The resulting refined pullback consists of $6\times 11$ boxes $U_k^{\prime }$ and $11\times 12$ boxes $V_k^{\prime }$. Each $U_k^{\prime }$ and $V_k^{\prime }$ overlap to form a $2.5\times 3$ box.
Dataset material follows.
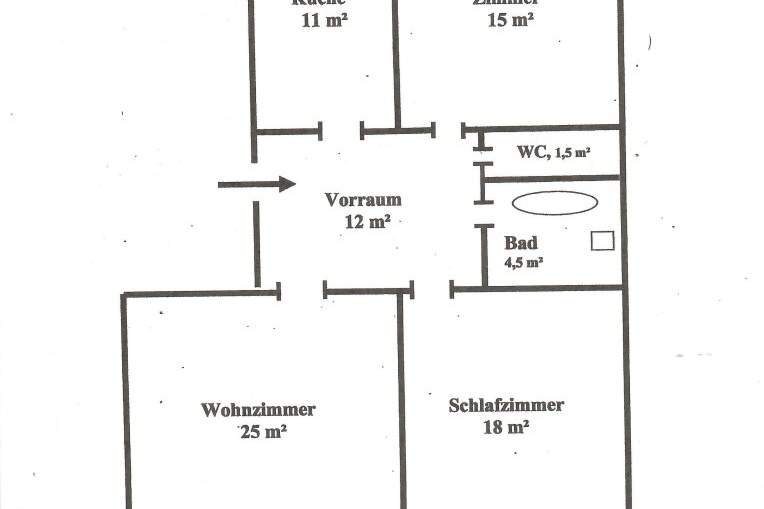 Meine neue WG! Fabelhafte 3-Zimmer-Wohnung mit 2 Balkonen!, Wohnung-miete, 1.990,00,€, 1040 Wien 4., Wieden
So their Steinhaus distance is

$$\begin{array}{rl}{d}_{St}(U_k,V_k)& =1-\frac{\mu (U_k\cap V_k)}{\mu (U_k\cup V_k)}\\ & =1-\frac{6.5}{190.5}\\ & =\frac{368}{381}.\end{array}$$

So in the filtration, all edges are born at time $368/381$. Define the cycle ${\gamma }_k$ that loops around diamond $k$. Then the set $\{{\gamma }_k{\}}_{k\in \mathbb{Z}}$ forms a linearly independent set, i.e., the first homology group has infinite dimension. Therefore, the map between the first homology group at $\alpha =367/381$ and at $\alpha =368/381$ has infinite rank, i.e., it is not $q$-tame.